Las vacas de Marta no viven estabuladas, paren una vez al año, no les pinchan (ni hormonas, ni antibióticos, ni vacunas, nada) y comen pasto. Únicamente les ayudan un tiempo con pienso “a las que amamantan”. Marta no les ha puesto nombre nunca, ni a las madres ni a las hijas. El semental es siempre el mismo, de raza Limousine. Hace bien su trabajo: cuarenta y cinco vacas, cuarenta y cinco terneros al año.
Ella y su padre trashuman en verano y por Navidad. Entre La Tosquilla (término de la Iglesuela) a Culla. “Si por mi fuera, cambiaría a las vacas de lugar a diario, pastorearlas es lo que más me gusta”, me cuenta. ¿Y lo que menos? “Lo peor es cargar a las terneras para llevarlas al matadero. Me doy la vuelta enseguida”. Y eso que la primera vez que hablé con Marta me dijo, “Mato a demanda”. El mundo tiene estas cosas: ganaderos a quienes no les gusta sacrificar animales y consumidores de carne que reducen paulatinamente las visitas a la carnicería. Se dice que en unos años, ¿cien?, ¿doscientos?, ¿mil?, dejaremos de comer carne porque nos parecerá atroz. “Hay que comer de todo”, dice, convencida, Marta. ¿Cuántas veces en mi vida habré escuchado esta frase y cuánto tiempo más la seguiré dando por buena?
La trashumancia de los Traver Albert dura dos jornadas. Enrique, desde lo alto del monte, me señala el camino con el cayado, nombra valles, señala cimas, dice el nombre de una masía, de otra, de un río, el Montlleó. Realizan el trayecto cuando ya está crecido el pasto, y viceversa, cuando la luz del día apunta a nieve. Marta me cuenta que van al paso de los animales, que por la noche levantan un corral protocolario y provisional, con unas varillas clavadas en el suelo e hilo metálico, “que enganchamos al pastoret” (un empujador eléctrico que se recarga con una pequeña placa solar). “Con una vez que se arrimen ya lo tienen claro. Hasta los terneros, con el olfato, saben lo que es y no se acercan”. Ternera, ternero, ternura.

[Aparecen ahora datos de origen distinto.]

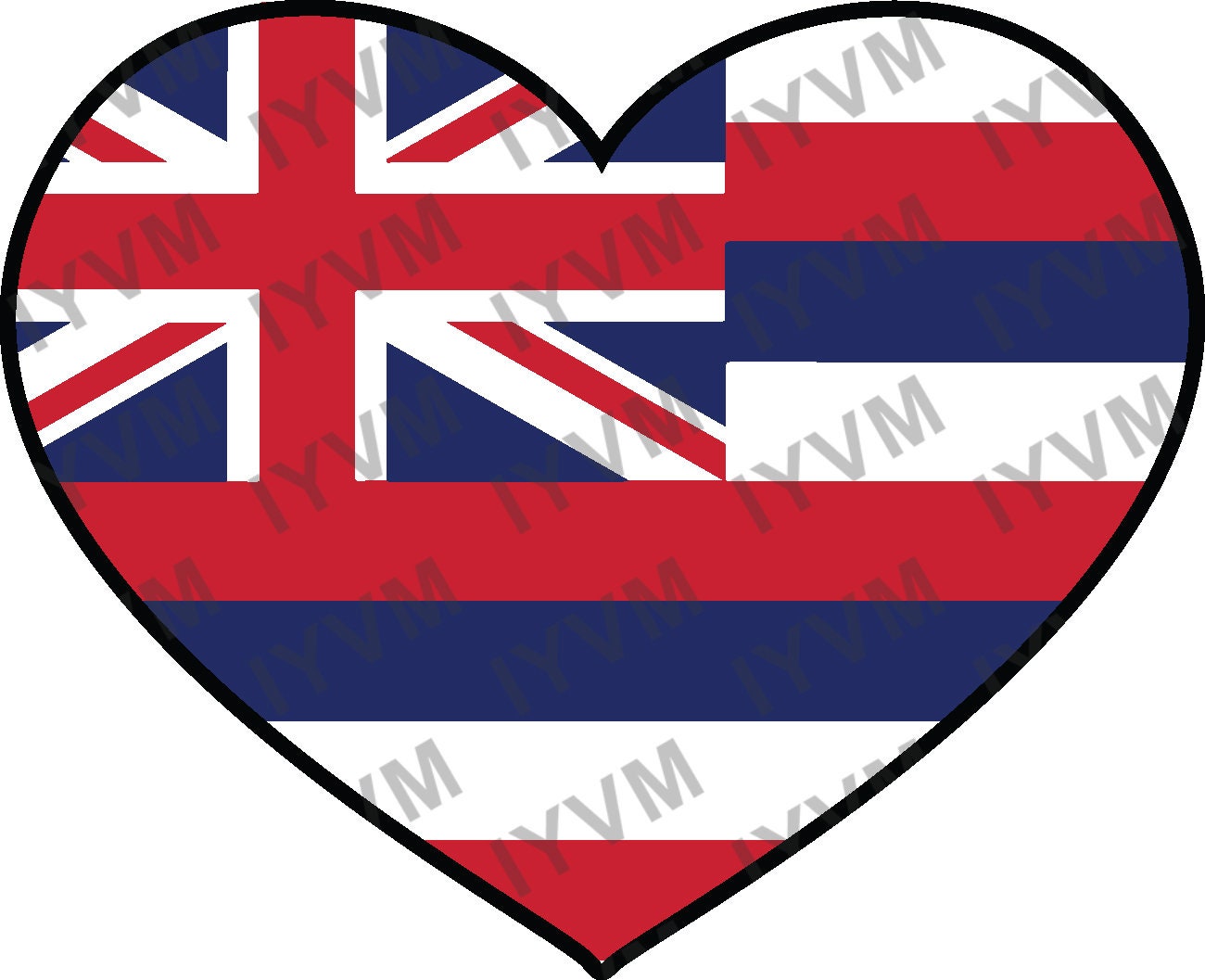 State of Hawaii Flag Heart Sticker Decal  USA Hawaii State  Honolulu  The Aloha State  Paradise of the Pacific  Pineapple State / Rainbow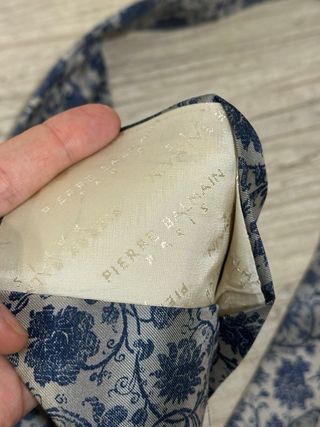 Corbata Pierre Lanvin Vintage Floral Azul Gris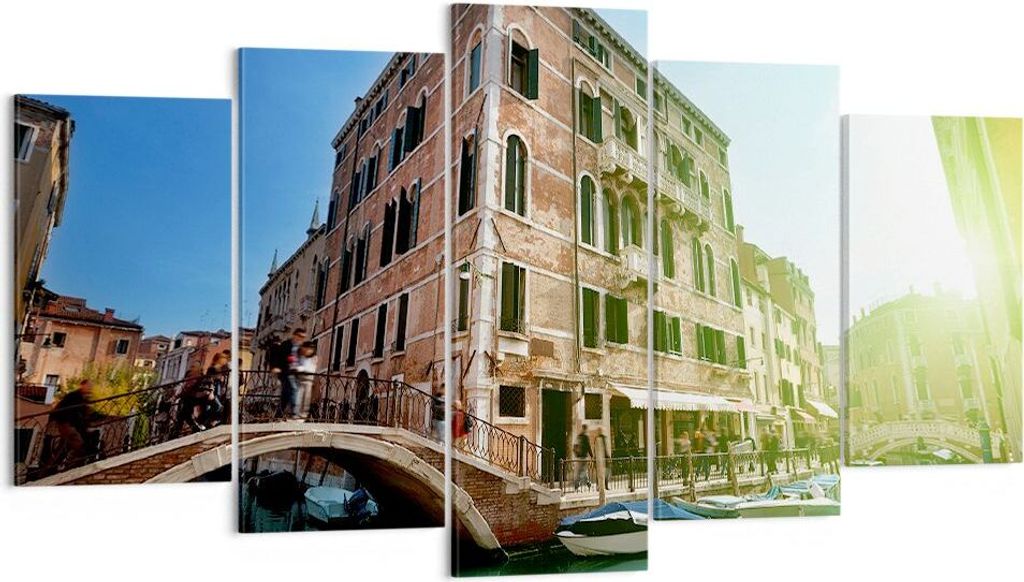 Bild auf Leinwand - Leinwandbild - Kanal Wasser Venedig Haus - 160x85cm - Wand Bild - Wanddeko - Leinwanddruck - Bilder - Kunstdruck - Wanddekorati...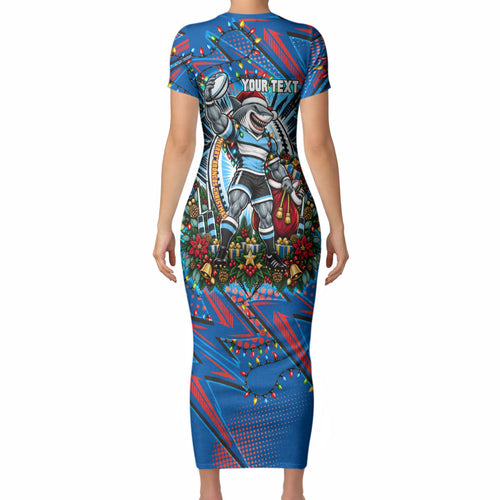 Personalized Newcastle Knights Rugby Christmas Short Sleeve Bodycon Dress Holiday Mascot Graphic Art Festive Lights Bow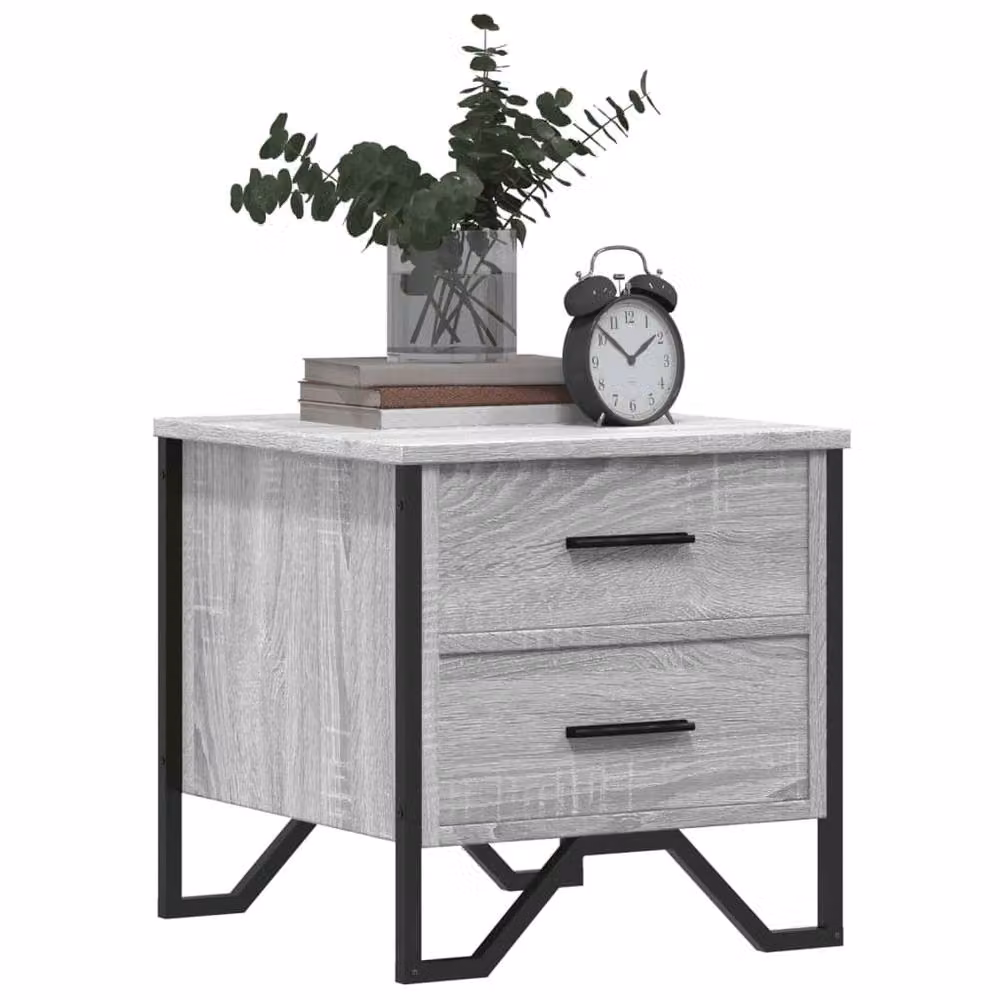 Berkfield Home Set of 2 Grey Sonoma Bedside Cabinets, W/D/H: 40 x 41 x 40 cm – 3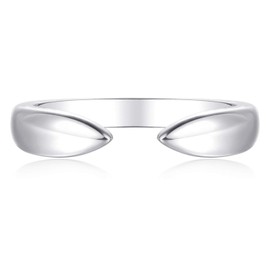 espere Rhodium Plated Sterling Silver Stackable Open Claw Ring Ajustable Wrap Ring | Highly Polished Cuff Stacking Rings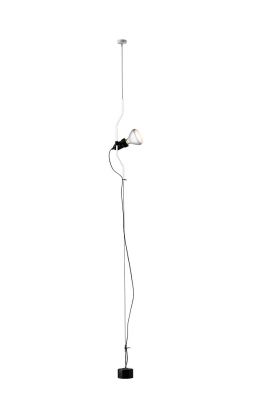 Weiße Parentesi D Lampe von Flos mit Dimmer, eine moderne Deckenleuchte für Wohnräume.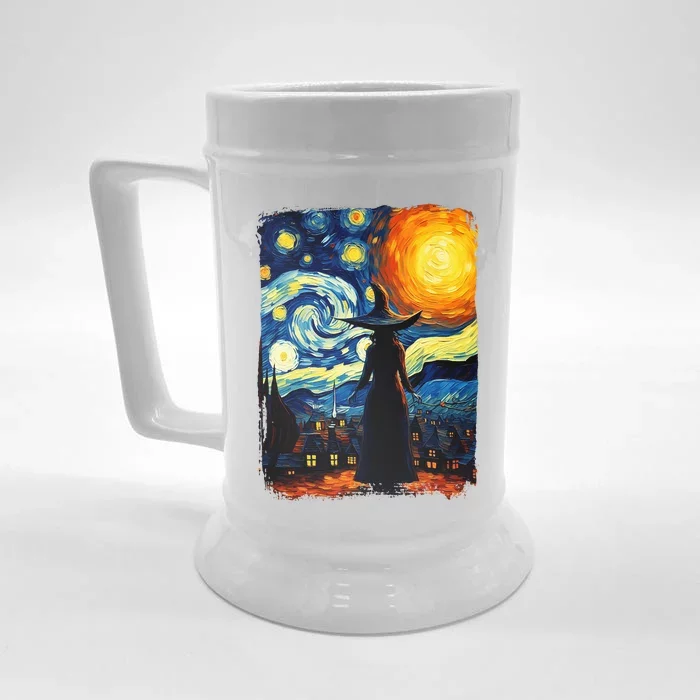 Witch Halloween Starry Night Van Gogh Aesthetic Painting Front & Back Beer Stein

Otra vez la lumbre del Moderno, que es donde se cuece el blanco mate de las historias con leña. Aún queda la de cuando Elena fue taquillera “del cine que tenían los dueños del bar” y cómo se escapaba por la escalera del gallinero para ver las películas “verdes”. O la del frío ancho, como una capa de hielo, que tenía su hermano Alfonso siempre, “que se pasaba el día sentado junto a la estufa, con el cuello de la bata subido. Pero eso fue después, cuando ya no trabajaba en el Restaurante El Arenal, en Alcossebre”. O la de la abuela de Marta, la de la parte de los Porcar, a quien solo le faltaron cuatro meses para llegar a los 100 años, y que hasta poco antes iba diariamente desde Culla hasta el Mas de Vilella para atender el huerto y las gallinas. En fin, las palabras son lumbre, un fuego para preparar carne y verduras, así que terminamos hablando de las patatas rellenas y de que cada casa las prepara a su manera. “A mi m’agrada mot el bar, i avant”, concluye Marta.
Y a mí. Y las cosas que me contáis. Y las personas como vosotras.